Raymond BELLOUR, introduisant plusieurs approches du western, estime que celui-ci agit comme miroir et comme preuve. Le western est un art ludique, rien à redire à cela, mais à la limite du jeu, "c'est le système des valeurs sur quoi toujours il vient buter et prendre appui." "Exercice du naturel, quoique mythologique, qui reprend à tout moment l'odyssée aventureuse de l'histoire américaine par le moyen d'un art qui n'est qu'une des faces de la même aventure, le western tient à la fois à l'univers du sérieux et à celui du jeu, et l'un toujours reste la condition de l'autre. D'où, en Amérique, sa popularité que dénonce l'abondance de la production télévisée. D'où pour le spectateur européen sa séduction particulière. Nous aimons dans le western la possibilité de l'aventure, de ce pari sur lequel bien sûr l'histoire s'édifie, mais qui, au moment de l'enjeu, possède la fascination extraordinaire de l'action personnelle. C'est en fonctionnaire du négatif que nous cédons à l'emprise de ces épopées pour nous miraculeuses, où un homme, soumis à un code qu'il connaît d'autant mieux qu'il contribue à l'établir, assure la vérité de l'univers par la seule réalité de son action. C'est cela le grand jeu, historique et filmé, grand jeu car jeu du risque naturel qui construit et interprète le réel immédiat en sa totalité. Les Américains, je pense, l'éprouvent déjà comme un regret, car en un sens, pour eux aussi, l'aventure est bien finie, et nous, du fond de nos pays si vieux, comme le rêve tout à fait illusoire d'une jeunesse historique et individuelle qui nous parait immémoriale, et qui toujours nous rendra un peu lointaine l'Amérique, dans sa naïveté, si belle et dangereuse." Ce sont L'Ouest et ses miroirs, de Roger TAILLEUR, La nostalgie de l'épopée, de Bernard DORT et Les aventures de la tragédie, d'André GLUCKSMANN, que Raymond BELLOUR introduit ainsi.

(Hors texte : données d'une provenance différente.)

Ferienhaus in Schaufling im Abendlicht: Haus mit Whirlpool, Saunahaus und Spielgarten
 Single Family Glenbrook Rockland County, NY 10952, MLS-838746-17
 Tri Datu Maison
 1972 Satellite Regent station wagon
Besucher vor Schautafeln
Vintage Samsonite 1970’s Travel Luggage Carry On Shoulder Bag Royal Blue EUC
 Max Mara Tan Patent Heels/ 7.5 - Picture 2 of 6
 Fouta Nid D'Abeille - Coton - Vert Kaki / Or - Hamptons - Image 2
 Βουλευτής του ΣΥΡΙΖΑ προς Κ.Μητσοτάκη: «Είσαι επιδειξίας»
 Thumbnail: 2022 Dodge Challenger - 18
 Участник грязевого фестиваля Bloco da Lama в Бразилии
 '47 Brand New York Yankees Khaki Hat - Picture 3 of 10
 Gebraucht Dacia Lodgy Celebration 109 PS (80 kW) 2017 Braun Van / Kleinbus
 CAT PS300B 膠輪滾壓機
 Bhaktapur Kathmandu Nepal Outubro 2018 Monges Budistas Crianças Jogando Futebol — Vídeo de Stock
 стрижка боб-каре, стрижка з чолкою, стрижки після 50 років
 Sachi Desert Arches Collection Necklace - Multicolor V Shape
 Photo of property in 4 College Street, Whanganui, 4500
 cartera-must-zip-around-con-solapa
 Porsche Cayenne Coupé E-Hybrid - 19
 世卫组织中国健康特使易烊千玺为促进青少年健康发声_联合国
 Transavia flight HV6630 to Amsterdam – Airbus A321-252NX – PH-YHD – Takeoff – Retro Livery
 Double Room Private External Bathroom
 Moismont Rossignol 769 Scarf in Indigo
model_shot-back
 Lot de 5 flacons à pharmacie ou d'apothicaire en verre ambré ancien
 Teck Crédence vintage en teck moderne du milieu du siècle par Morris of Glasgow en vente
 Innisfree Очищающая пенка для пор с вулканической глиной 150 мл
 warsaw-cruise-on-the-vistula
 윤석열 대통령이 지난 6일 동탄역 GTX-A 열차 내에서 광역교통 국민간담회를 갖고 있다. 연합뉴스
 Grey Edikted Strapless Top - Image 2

Yves PEDRANO s'attache directement aux ingrédients du western et à sa participation à la construction des mythes de la nation américaine. Il pose ainsi des questions essentielles : Quelle est la nature du récit qu'offre le genre western? Quelle en fut la genèse? A quel moment a-t-il atteint sa forme définitive? Quelles circonstances induiront un courant autocritique qui décidera de sa disparition? Quels liens existent entre l'histoire des États-Unis et le récit qui narre ses origines? En dépit de l'apparente spécificité de la forme et du contenu de cette fresque moderne, celle-ci n'est-elle pas en réalité un avatar d'une épopée beaucoup plus ancienne, celles des fils d'Abraham, dont la Bible nous contre les aventures?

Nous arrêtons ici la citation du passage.